RAW DATA
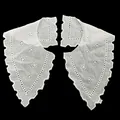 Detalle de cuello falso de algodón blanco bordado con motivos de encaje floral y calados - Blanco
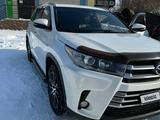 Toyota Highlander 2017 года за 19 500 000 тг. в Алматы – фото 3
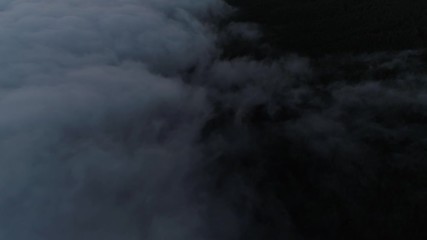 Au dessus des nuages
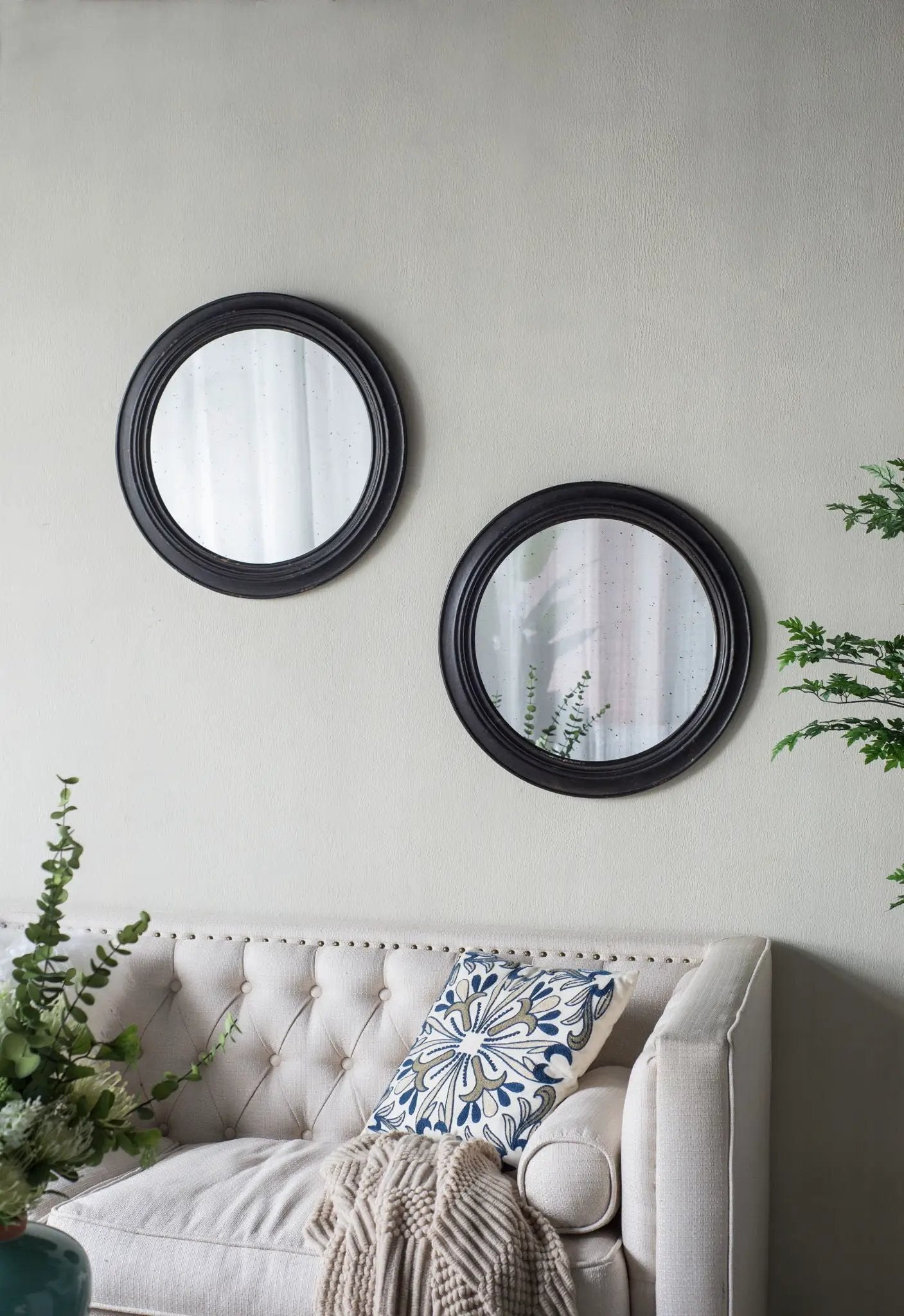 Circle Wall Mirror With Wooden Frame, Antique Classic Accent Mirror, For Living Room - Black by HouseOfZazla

TASK TO CARRY OUT
Please give all of the data again, exact and free of pictures.

WRITTEN RESPONSE
 Detalle de cuello falso de algodón blanco bordado con motivos de encaje floral y calados - Blanco
 Toyota Highlander 2017 года за 19 500 000 тг. в Алматы – фото 3
 Au dessus des nuages
 Circle Wall Mirror With Wooden Frame, Antique Classic Accent Mirror, For Living Room - Black by HouseOfZazla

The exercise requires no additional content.